Nos anos 90, parte do soul manteve-se vivo (e ainda se mantém) nos inúmeros beats e samples utilizados por um outro estilo amigo - o hip hop. Muitas vezes os dois caminham de mãos dadas. No final dessa década surge ainda o neo-soul, mais um rebento desta música, adaptado aos tempos e às sonoridades 'modernas'.
Hoje, passados mais de 50 anos desde o seu nascimento, o soul continua a fazer-se ouvir, não fosse esta uma geração de revivalistas, de amantes do 'vintage' e do 'retro'. Graças a estas tendências nostálgicas, saudosas do passado, em que até a forma de ouvir música é recuperada e o vinil ganha um novo fôlego, existem editoras e artistas que lutam por manter viva e fresca a essência do soul, numa roupagem mais suave e renovada.
Charles Bradley é um bom exemplo do soul que se faz actualmente.

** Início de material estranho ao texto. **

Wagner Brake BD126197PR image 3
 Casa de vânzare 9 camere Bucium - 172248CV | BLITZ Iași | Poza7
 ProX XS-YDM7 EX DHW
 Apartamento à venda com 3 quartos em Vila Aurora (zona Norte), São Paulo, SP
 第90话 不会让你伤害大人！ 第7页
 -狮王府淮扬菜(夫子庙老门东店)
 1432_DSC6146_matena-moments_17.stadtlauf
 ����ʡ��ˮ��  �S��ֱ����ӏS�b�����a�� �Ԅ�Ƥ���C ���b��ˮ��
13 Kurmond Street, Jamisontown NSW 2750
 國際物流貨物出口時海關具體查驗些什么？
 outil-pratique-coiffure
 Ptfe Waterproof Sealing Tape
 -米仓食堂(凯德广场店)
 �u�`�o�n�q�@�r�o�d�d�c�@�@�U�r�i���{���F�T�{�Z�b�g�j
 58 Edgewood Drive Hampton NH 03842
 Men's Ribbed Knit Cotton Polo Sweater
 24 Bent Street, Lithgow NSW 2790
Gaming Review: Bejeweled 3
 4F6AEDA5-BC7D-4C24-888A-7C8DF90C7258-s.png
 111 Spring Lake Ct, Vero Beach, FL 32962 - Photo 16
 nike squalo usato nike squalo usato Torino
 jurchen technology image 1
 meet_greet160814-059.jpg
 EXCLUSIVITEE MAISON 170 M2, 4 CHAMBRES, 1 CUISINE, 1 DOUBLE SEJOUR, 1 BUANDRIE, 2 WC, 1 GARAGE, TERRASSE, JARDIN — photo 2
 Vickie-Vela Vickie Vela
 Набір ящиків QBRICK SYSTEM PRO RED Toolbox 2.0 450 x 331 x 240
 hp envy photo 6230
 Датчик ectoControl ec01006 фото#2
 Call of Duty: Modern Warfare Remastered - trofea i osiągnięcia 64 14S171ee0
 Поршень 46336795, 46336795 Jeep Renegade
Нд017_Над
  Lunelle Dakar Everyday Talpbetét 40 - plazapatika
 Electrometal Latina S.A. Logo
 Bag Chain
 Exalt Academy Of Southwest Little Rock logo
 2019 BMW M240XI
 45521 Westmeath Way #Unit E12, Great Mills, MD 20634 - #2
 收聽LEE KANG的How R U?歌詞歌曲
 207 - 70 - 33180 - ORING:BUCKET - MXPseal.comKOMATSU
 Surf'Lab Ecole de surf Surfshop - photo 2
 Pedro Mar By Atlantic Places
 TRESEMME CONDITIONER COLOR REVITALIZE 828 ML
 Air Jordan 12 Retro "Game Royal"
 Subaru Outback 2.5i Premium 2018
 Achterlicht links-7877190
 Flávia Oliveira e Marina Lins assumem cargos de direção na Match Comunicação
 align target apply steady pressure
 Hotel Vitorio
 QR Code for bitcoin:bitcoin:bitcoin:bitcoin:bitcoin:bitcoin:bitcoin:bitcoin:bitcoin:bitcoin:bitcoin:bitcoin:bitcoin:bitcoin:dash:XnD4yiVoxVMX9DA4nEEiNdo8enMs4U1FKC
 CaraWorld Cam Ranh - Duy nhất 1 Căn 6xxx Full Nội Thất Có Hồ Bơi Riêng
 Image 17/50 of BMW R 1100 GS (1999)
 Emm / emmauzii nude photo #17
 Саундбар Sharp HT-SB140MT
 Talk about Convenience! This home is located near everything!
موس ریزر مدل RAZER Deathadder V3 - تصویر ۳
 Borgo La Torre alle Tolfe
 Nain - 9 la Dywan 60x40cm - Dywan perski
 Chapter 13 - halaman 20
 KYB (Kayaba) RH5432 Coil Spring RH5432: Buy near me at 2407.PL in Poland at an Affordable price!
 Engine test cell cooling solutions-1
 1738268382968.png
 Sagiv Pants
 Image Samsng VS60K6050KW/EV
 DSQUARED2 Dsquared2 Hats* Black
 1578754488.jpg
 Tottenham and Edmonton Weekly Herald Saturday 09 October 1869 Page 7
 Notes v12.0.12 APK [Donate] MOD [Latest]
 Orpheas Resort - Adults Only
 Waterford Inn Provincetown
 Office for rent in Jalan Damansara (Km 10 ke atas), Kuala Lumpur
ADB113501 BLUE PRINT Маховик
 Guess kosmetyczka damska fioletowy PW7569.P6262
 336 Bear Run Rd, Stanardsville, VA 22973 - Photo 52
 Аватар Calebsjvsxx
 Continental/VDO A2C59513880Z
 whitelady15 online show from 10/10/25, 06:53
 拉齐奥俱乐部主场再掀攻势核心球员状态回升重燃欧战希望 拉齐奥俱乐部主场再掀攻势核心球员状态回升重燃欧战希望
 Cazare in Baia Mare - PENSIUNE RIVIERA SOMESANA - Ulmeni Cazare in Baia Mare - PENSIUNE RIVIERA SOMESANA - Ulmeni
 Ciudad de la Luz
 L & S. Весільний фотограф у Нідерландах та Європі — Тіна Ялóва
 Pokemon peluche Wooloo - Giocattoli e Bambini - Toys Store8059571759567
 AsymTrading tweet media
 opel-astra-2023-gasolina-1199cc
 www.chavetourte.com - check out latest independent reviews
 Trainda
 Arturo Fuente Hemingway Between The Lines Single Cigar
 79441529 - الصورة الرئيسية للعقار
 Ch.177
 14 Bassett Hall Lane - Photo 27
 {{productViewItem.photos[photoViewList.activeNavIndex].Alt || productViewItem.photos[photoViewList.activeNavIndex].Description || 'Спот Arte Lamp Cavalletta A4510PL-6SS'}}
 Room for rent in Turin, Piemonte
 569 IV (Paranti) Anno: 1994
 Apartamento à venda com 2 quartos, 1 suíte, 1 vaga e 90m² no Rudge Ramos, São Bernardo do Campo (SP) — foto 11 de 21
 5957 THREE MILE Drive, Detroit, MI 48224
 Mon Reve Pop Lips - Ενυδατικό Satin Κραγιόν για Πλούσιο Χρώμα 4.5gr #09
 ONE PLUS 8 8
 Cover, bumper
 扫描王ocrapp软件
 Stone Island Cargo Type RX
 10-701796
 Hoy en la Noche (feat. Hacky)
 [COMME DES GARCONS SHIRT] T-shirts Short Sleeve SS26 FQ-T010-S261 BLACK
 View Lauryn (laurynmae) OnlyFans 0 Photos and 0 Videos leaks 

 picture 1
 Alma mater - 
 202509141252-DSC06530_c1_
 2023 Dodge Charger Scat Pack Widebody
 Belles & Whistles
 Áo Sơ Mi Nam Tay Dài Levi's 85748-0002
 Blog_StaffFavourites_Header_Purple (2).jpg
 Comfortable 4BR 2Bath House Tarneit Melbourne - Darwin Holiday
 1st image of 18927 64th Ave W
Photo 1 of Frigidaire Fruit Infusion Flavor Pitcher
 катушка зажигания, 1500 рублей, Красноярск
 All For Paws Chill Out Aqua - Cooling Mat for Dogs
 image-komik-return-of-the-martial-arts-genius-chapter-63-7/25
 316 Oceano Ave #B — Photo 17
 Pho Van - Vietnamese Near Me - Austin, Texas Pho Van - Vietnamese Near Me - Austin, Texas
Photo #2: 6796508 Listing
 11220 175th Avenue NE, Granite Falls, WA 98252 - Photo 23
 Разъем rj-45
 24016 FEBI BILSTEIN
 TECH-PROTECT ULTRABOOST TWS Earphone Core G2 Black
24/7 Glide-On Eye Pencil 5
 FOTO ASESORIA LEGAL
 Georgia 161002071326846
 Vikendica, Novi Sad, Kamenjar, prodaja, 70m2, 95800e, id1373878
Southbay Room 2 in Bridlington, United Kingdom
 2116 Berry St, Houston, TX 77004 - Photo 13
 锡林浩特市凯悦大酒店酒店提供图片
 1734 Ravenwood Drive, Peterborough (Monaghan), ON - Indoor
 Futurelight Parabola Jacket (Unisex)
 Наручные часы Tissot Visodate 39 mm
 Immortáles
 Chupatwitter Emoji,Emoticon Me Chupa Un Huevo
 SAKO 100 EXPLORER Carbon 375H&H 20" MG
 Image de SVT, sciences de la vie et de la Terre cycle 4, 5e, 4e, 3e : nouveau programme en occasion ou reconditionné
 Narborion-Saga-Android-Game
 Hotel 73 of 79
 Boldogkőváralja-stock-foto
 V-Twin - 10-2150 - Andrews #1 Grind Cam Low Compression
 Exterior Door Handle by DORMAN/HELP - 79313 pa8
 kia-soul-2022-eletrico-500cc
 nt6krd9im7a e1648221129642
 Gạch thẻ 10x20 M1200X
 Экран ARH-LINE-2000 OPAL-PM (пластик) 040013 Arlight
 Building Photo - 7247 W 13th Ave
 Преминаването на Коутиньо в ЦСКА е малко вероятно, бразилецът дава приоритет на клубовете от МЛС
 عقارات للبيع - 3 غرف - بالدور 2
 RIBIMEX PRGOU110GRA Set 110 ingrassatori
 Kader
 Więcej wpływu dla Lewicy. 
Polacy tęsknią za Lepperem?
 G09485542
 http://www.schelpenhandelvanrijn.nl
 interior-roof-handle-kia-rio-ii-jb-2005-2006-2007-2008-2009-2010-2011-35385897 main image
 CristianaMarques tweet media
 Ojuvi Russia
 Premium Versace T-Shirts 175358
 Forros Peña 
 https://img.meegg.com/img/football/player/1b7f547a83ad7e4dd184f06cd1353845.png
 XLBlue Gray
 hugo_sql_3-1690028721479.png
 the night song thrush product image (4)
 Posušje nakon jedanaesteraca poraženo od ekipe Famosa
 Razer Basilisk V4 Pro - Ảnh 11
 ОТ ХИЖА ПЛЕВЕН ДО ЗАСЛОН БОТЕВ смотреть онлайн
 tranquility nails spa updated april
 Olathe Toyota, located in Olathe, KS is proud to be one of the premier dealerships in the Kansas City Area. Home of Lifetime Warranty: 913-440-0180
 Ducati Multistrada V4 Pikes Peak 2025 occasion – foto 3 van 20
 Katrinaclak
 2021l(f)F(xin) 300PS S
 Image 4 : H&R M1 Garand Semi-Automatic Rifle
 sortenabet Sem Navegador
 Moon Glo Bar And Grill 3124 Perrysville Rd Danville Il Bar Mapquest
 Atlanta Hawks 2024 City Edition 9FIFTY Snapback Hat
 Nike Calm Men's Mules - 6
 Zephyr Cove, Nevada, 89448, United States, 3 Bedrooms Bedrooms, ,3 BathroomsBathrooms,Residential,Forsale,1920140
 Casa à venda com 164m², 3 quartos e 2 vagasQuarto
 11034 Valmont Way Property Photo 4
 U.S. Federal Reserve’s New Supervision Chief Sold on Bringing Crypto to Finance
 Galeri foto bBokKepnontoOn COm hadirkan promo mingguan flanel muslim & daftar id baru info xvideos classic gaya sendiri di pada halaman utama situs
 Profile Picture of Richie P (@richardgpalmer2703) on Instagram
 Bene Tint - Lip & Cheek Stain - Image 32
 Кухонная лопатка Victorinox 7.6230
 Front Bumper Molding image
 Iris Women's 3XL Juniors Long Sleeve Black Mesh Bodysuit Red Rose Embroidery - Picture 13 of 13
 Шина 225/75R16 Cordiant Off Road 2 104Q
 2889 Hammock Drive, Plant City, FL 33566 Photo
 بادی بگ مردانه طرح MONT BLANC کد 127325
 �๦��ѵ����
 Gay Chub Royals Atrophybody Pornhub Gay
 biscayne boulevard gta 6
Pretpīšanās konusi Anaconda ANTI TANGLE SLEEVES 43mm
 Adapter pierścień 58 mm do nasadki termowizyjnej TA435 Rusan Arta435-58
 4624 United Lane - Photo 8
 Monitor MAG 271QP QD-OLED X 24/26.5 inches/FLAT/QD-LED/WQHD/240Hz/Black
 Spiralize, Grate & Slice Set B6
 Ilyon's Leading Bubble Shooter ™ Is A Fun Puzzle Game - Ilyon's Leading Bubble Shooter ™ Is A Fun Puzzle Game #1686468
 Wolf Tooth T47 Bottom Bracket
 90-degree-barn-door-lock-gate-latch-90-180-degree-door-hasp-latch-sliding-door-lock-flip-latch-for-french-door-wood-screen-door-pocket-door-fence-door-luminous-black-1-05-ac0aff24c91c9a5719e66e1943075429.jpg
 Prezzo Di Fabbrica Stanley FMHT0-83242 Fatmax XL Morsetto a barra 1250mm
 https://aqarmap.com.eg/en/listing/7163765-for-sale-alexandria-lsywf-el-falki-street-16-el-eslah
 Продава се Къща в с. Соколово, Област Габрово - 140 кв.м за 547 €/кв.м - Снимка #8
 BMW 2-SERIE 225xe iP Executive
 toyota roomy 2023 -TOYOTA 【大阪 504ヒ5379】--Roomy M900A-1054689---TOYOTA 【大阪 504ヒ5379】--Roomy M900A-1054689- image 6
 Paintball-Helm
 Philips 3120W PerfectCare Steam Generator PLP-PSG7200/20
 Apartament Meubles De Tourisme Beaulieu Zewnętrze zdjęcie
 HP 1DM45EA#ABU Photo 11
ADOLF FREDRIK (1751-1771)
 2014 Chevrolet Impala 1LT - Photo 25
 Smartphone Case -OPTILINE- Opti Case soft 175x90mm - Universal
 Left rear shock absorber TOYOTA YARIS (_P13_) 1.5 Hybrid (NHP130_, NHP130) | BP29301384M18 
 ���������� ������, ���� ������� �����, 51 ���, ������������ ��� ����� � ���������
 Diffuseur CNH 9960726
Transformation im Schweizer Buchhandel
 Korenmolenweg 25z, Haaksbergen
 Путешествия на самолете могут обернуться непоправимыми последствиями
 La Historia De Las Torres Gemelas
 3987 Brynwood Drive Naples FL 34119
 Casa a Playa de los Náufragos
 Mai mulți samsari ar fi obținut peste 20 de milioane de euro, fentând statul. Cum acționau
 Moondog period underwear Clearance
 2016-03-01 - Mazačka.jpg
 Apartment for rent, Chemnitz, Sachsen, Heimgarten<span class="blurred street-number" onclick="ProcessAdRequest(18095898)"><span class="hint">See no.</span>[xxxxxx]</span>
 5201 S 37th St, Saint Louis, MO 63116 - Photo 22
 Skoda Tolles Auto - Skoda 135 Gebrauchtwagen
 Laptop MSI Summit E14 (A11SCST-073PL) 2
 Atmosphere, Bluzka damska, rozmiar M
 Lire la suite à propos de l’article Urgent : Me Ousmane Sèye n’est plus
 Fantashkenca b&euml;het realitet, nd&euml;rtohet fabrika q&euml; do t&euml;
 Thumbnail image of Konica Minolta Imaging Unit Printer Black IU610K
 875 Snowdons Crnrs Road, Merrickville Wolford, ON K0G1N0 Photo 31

Passou uma vida de tormentos, viveu na rua e cantou em bares, mantendo sempre acesa a chama do seu amor pela música, até ser descoberto, num bar, numa dessas noites, pela editora Daptone Records, aos 62 anos. Desde então já gravou 2 discos ("No Time For Dreaming" e "Victim of Love"), inspirou um documentário ("Soul of America") e percorreu o mundo e as suas salas de concertos. A sua voz é densa como a de um verdadeiro cantor de soul; a sua música fala de um país, de dificuldades, de luta, de amor e gratidão.
Outra lutadora e que pertence à mesma editora é Sharon Jones & The Dap-Kings. Há quem diga que é a versão feminina de James Brown. Tal como Bradley, esta cantora também iniciou a sua carreira tarde, na meia idade. Lançou o seu primeiro álbum em 2002 mas apenas se tornou realmente conhecida em 2010 com o disco, "I Learned The Hard Way". Depois disso, passou um período conturbado (enfrentou um cancro), regressando este ano com mais vontade do que nunca e um novo trabalho debaixo do braço - "Give The People What They Want". Dia 23 de Novembro estará na Aula Magna, em Lisboa, para apresentá-lo e eu espero poder estar lá para ver, ouvir e sentir novamente a energia frenética e contagiante desta senhora.
Mudamos de editora e chegamos ao mais veterano deste soul renovado - Lee Fields. Nascido em 1951, viveu no apogeu 'James Brown', valendo-lhe o apelido 'Little JB', graças às semelhanças entre as suas vozes. Uma vida passada na sombra desta celebridade até que a editora Truth & Soul Records o redescobriu, dando-lhe uma banda (The Expressions) e uma personalidade enquanto cantor. Em 2010 grava o seu primeiro álbum nesta nova pele ("My World") e, o mais curioso, é eu perceber (enquanto escrevo este post), que em Junho deste ano ele lançou um novo trabalho intitulado "Emma Jean", que eu desconhecia totalmente. (como tal é possível?!).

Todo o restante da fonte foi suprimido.